Davor liegt ein Schwert, welches ihr aus der Hand gefallen
zu sein scheint.
Über der Frau schweben neun weitere Schwerter, die sie aber
nicht berühren.
Die Frau liegt vor einer Mauer, augenscheinlich eine
Schlossmauer, hinter der sich zwei von
innen her erleuchtete Türme erheben. Es scheint Abend zu
sein. Der
Himmel ist bewölkt. Trotzdem scheint der Mond leicht durch. Die
Schlossmauer
wird von irgendwo her angestrahlt, denn sie erscheint teilweise in
einem goldenen Licht. Die Szene wirkt unwirklich und real zugleich.
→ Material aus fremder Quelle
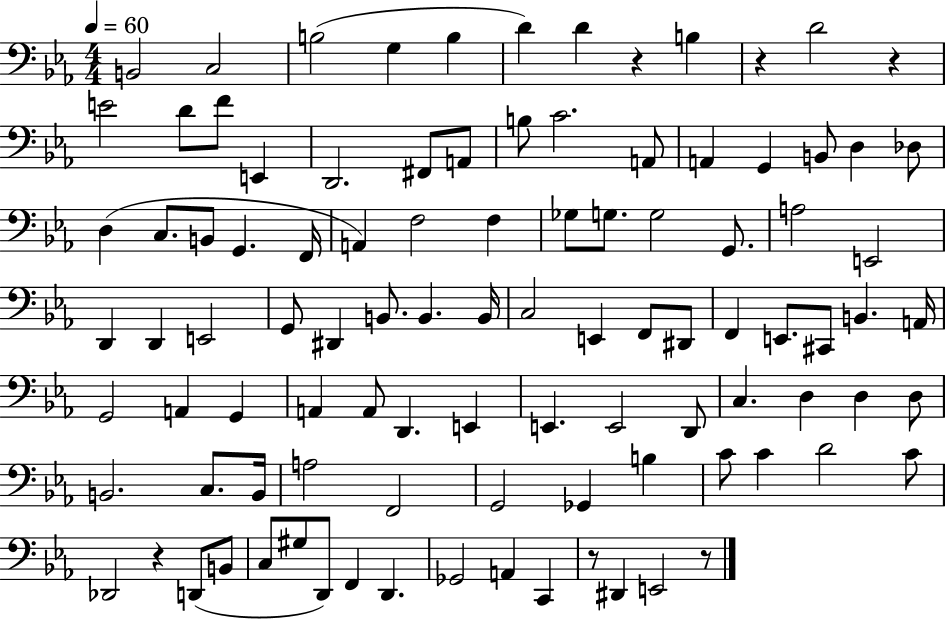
{
  \clef bass
  \numericTimeSignature
  \time 4/4
  \key ees \major
  \tempo 4 = 60
  \repeat volta 2 { b,2 c2 | b2( g4 b4 | d'4) d'4 r4 b4 | r4 d'2 r4 | \break e'2 d'8 f'8 e,4 | d,2. fis,8 a,8 | b8 c'2. a,8 | a,4 g,4 b,8 d4 des8 | \break d4( c8. b,8 g,4. f,16 | a,4) f2 f4 | ges8 g8. g2 g,8. | a2 e,2 | \break d,4 d,4 e,2 | g,8 dis,4 b,8. b,4. b,16 | c2 e,4 f,8 dis,8 | f,4 e,8. cis,8 b,4. a,16 | \break g,2 a,4 g,4 | a,4 a,8 d,4. e,4 | e,4. e,2 d,8 | c4. d4 d4 d8 | \break b,2. c8. b,16 | a2 f,2 | g,2 ges,4 b4 | c'8 c'4 d'2 c'8 | \break des,2 r4 d,8( b,8 | c8 gis8 d,8) f,4 d,4. | ges,2 a,4 c,4 | r8 dis,4 e,2 r8 | \break } \bar "|."
}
Das
gesamte
Bild vermittelt fast etwas Harmonisches, woran nicht einmal der
Totenkopf etwas
ändern kann. Darstellung und Symbolik vermitteln die Kartenbedeutung im
Sinne
der Rider-Waite-Tradition. Die positive Seite dieser Karte wird durch
den
stimmungsvollen Ausdruck der Darstellung hervorgerufen. Liest man dann
im Buch
nach, woher die einzelnen Elemente der Darstellung stammen, so wird
einmal mehr
die Vielschichtigkeit dieses Tarots deutlich.